• _Task input_
-=-=-=-=-

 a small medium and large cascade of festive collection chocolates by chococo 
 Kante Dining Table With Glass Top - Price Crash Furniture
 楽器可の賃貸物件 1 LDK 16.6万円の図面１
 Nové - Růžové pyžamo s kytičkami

-=-=-=-=-

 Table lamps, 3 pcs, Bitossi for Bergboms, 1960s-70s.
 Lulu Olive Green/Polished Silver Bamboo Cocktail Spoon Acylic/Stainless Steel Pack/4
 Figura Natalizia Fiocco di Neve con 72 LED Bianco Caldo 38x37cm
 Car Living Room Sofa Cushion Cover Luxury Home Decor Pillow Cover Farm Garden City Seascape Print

-=-=-=-=-

• _Aim of the exercise_
What you give back should be only the lines of the records above, starting at the line with "a small medium" and ending at the line with "Nové - Růžové pyžamo s kytičkami", restated word for word.

• _Output for this task_
 a small medium and large cascade of festive collection chocolates by chococo 
 Kante Dining Table With Glass Top - Price Crash Furniture
 楽器可の賃貸物件 1 LDK 16.6万円の図面１
 Nové - Růžové pyžamo s kytičkami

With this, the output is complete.